Per Alessandro Preziosa, presidente Associazione elettromedicali e servizi integrati, confindustria Dispositivi medici, la disanima della situazione deve anche partire dalla capacità dell’ambito produttivo di “essere resiliente in uno scenario particolarmente difficile come quello che abbiamo vissuto negli scorsi anni, segnati da payback, pressione fiscale e varie crisi, non ultime quelle dovute ai conflitti in corso”. Il segnale lanciato da Preziosa è chiaro: “da soli non riusciremo più a sostenere il peso di un mercato che è sempre più esigente, che chiede innovazione continua.

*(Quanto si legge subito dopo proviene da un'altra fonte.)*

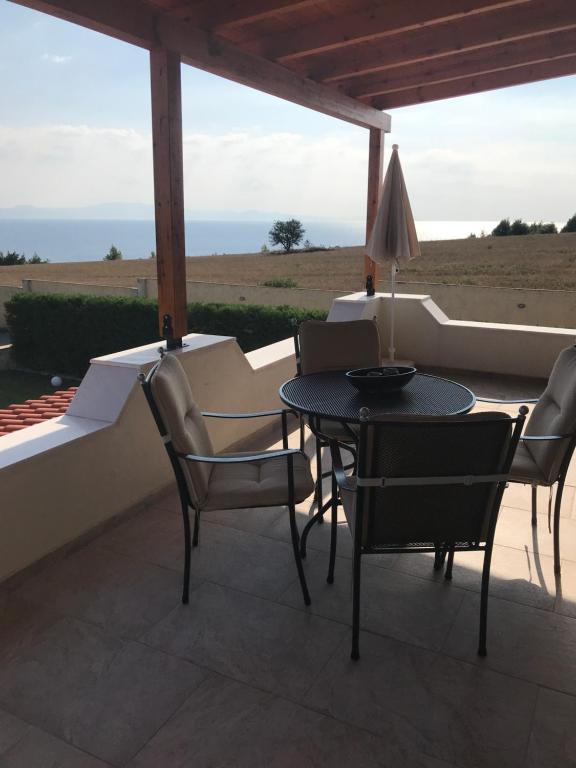ever after villa - Ferienwohnung Afytos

Quello che facciamo di mestiere – progettare e introdurre nel mercato tecnologie nuove – deve radicarsi in un ambiente sostenibile, altrimenti facciamo fatica a continuare a inserire i nostri investimenti in ricerca e sviluppo e portarli in un mercato sempre più complesso”.
In questa sessione anche Cesare Mangone, Unione Industriali Torino, Gennario Broya de Lucia, presidente nazionale Conflavoro Pmi Sanità, Alberta Pasquero, Bio Industry Park e Adriano Leli, presidente Fare, hanno messo l’accento sulle problematiche vissute dal mondo produttivo – in particolare Pmi e startup – ma anche sulle opportunità rappresentate dalla dinamicità di alcuni settori imprenditoriali, e dalla capacità del mondo dei provveditori di interpretare l’innovazione in termini di procurement.

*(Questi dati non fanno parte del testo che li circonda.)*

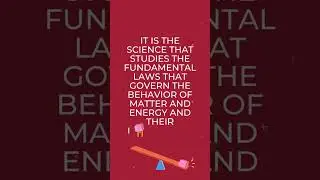 What is Physics? - Fundamentals of Physics - Physics 101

In conclusione Mario Alparone, direttore generale FinPiemonte, ha sottolineato come occorra sviluppare un nuovo modello di sanità, perchè quello attuale rischia di non essere più sostenibile. “Un modello – ha chiarito Alparone – non lo si costruisce a tavolino, ma partendo dalle competenze reali, dal cinvgimento strategico di professionisti che sono in grado di offrire già la prima risposta concreta”. In questo senso Mangone ha invitato Aiic a farsi protagonista delle proposta di realizzare “tavoli di confronto” tra professioni, istituzioni, mondo della sanità e mondo produttivo per sviluppare nuove e più avanzate forme di collaborazione tra i protagonisti del comparto delle tecnologie healthcare. Una proposta che è stata ripresa immediatamente da Umberto Nocco, presidente Aiic e Alessio Rebola, coordinatore Aiic Piemonte con estremo favore, a conferma della possibilità che gli ingegneri clinici siano “ponte” tra professioni, ambiti strategici e tra presente e futuro.